Exercise materials below:
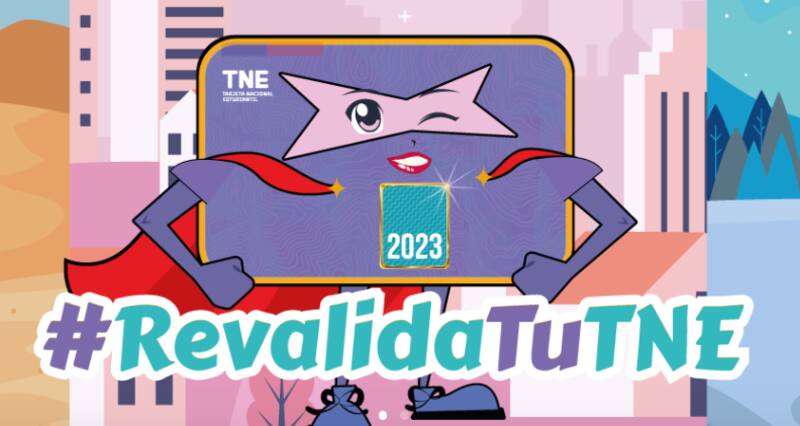 Revisa las fechas importantes para renovar la Tarjeta Nacional Estudiantil. Créditos: TNE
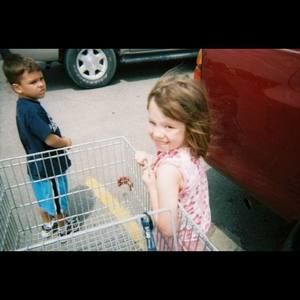 Meet your Posher, April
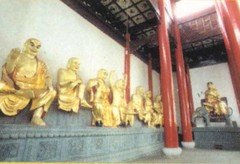 浙江福严佛教文化苑图片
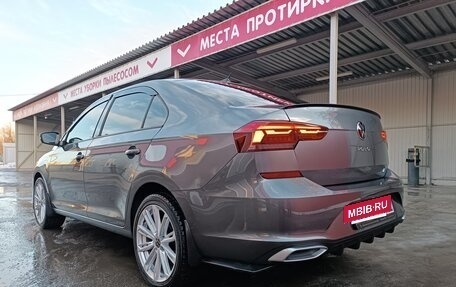 Volkswagen Polo VI (EU Market), 2020 год, 1 380 000 рублей, 10 фотография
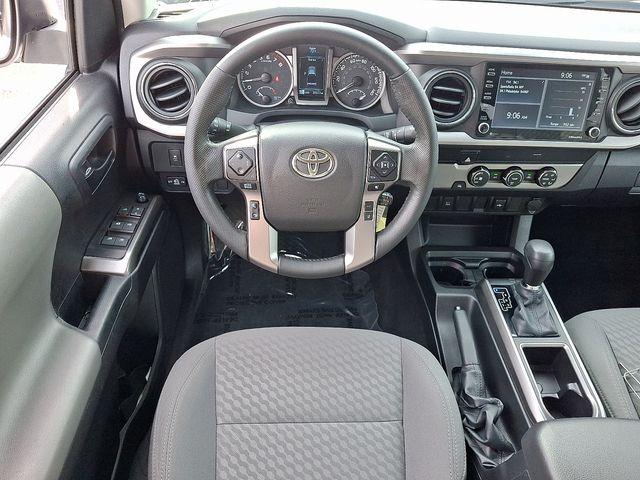 used 2023 Toyota Tacoma car, priced at $30,975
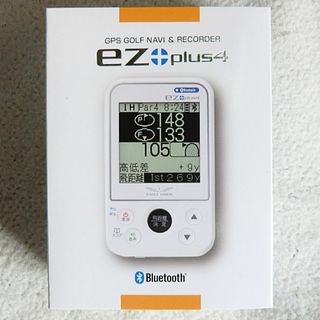 朝日ゴルフ - EAGLE VISION ez plus4 EV-235 ホワイト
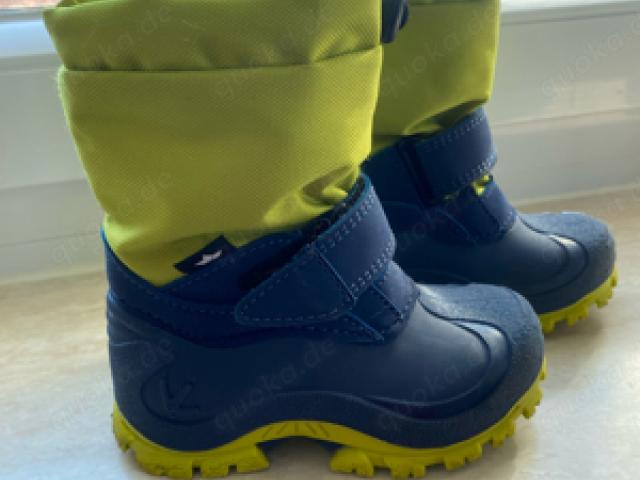 Winterstiefel Kinder - 1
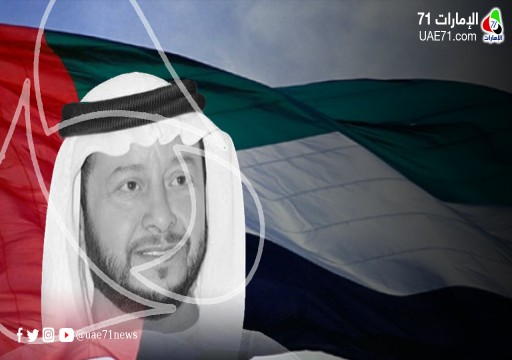 أمير قطر يعزي بفقيد الوطن سلطان بن زايد ويوسف خليفة ينعاه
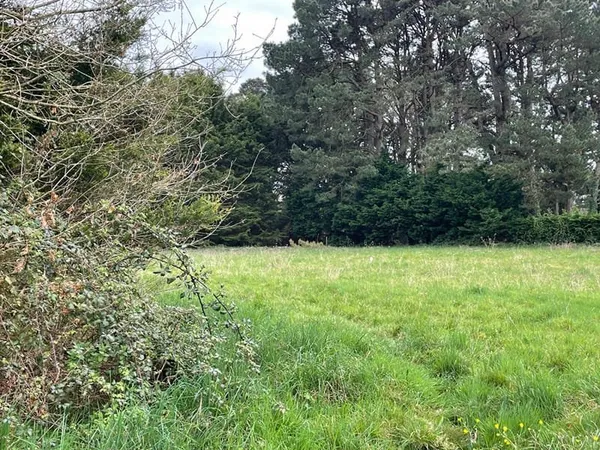 Terrain à bâtir de 802m²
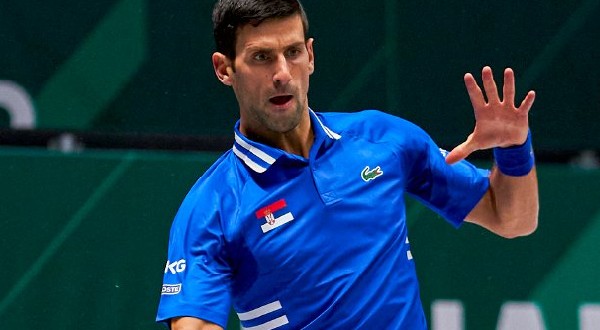 Djokovic perde na dupla e coloca Sérvia em situação complicada 11 djokovicdav21 4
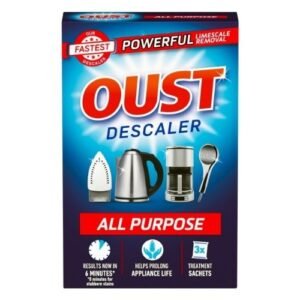 OUST ALL PURPOSE DESCALER 3PK 25ML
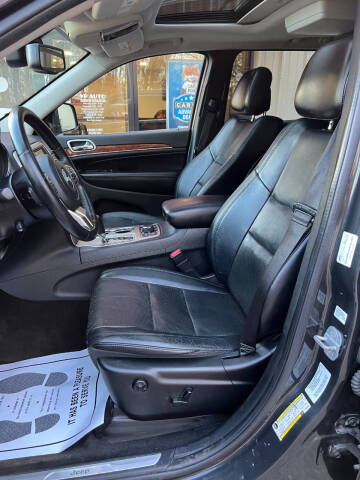 2011 Jeep Grand Cherokee Limited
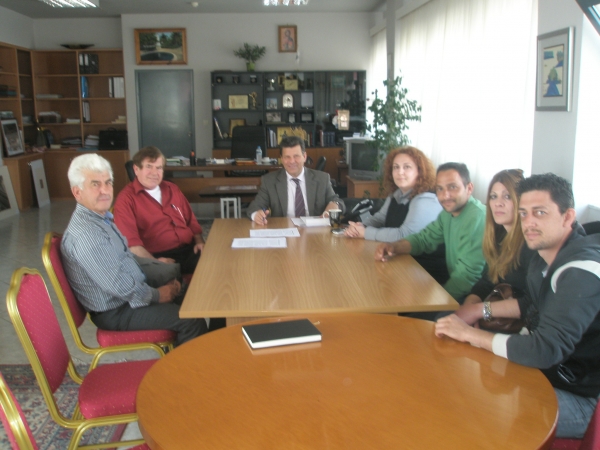 Για πολιτιστικές χρήσεις τα παλαιά Δημοτικά Σχολεία Καλοχωρίου και Μαγγανιακού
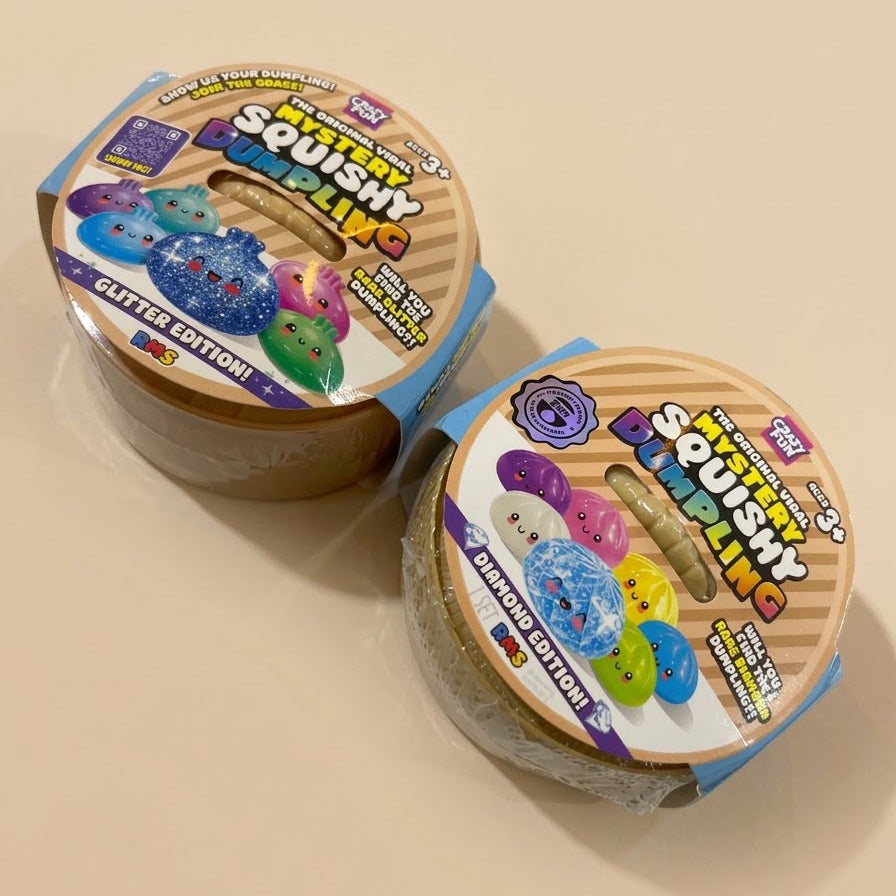 Mystery Dumpling RMS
End of Exercise materials.
◆ **What to do**
Exclude the pictures and repeat the entries word for word.

◆ **Reply to the task**
 Revisa las fechas importantes para renovar la Tarjeta Nacional Estudiantil. Créditos: TNE
 Meet your Posher, April
 浙江福严佛教文化苑图片
 Volkswagen Polo VI (EU Market), 2020 год, 1 380 000 рублей, 10 фотография
 used 2023 Toyota Tacoma car, priced at $30,975
 朝日ゴルフ - EAGLE VISION ez plus4 EV-235 ホワイト
 Winterstiefel Kinder - 1
 أمير قطر يعزي بفقيد الوطن سلطان بن زايد ويوسف خليفة ينعاه
 Terrain à bâtir de 802m²
 Djokovic perde na dupla e coloca Sérvia em situação complicada 11 djokovicdav21 4
 OUST ALL PURPOSE DESCALER 3PK 25ML
 2011 Jeep Grand Cherokee Limited
 Για πολιτιστικές χρήσεις τα παλαιά Δημοτικά Σχολεία Καλοχωρίου και Μαγγανιακού
 Mystery Dumpling RMS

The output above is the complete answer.